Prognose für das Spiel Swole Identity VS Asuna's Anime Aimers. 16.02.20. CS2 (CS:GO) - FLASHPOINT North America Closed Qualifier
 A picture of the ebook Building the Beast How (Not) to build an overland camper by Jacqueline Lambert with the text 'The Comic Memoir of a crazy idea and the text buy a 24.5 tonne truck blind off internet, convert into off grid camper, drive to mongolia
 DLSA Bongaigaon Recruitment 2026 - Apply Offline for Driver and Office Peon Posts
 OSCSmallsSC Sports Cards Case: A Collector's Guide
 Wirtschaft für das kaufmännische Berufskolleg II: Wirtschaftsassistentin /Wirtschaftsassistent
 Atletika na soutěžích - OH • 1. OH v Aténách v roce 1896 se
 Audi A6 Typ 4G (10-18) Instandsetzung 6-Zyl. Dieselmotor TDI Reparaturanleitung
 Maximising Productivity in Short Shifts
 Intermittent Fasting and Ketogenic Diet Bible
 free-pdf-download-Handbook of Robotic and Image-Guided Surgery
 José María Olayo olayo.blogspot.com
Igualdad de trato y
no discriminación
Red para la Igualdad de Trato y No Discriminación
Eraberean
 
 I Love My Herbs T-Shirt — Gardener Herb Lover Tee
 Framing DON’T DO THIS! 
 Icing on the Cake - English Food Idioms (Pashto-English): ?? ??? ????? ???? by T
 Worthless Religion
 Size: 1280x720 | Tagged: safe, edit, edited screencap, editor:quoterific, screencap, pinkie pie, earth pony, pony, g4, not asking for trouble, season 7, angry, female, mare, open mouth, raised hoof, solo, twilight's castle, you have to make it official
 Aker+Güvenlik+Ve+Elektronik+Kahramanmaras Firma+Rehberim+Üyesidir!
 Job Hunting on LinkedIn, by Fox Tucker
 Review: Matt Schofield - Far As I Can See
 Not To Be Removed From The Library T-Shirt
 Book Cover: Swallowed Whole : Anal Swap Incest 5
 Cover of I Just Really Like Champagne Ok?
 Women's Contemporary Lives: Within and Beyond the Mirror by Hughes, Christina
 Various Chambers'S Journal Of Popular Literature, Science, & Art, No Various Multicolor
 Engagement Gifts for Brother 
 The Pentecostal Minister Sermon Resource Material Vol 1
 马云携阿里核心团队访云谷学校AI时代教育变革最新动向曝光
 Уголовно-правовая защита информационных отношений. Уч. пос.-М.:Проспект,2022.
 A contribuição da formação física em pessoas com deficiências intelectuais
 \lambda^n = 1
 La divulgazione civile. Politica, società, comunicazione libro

WHAT THIS TASK INVOLVES
Print exactly, and only, the lines of the material above that run from the one containing "Women's Contemporary Lives: Within" through its last line.

RESPONSE BOX
 Women's Contemporary Lives: Within and Beyond the Mirror by Hughes, Christina
 Various Chambers'S Journal Of Popular Literature, Science, & Art, No Various Multicolor
 Engagement Gifts for Brother 
 The Pentecostal Minister Sermon Resource Material Vol 1
 马云携阿里核心团队访云谷学校AI时代教育变革最新动向曝光
 Уголовно-правовая защита информационных отношений. Уч. пос.-М.:Проспект,2022.
 A contribuição da formação física em pessoas com deficiências intelectuais
 \lambda^n = 1
 La divulgazione civile. Politica, società, comunicazione libro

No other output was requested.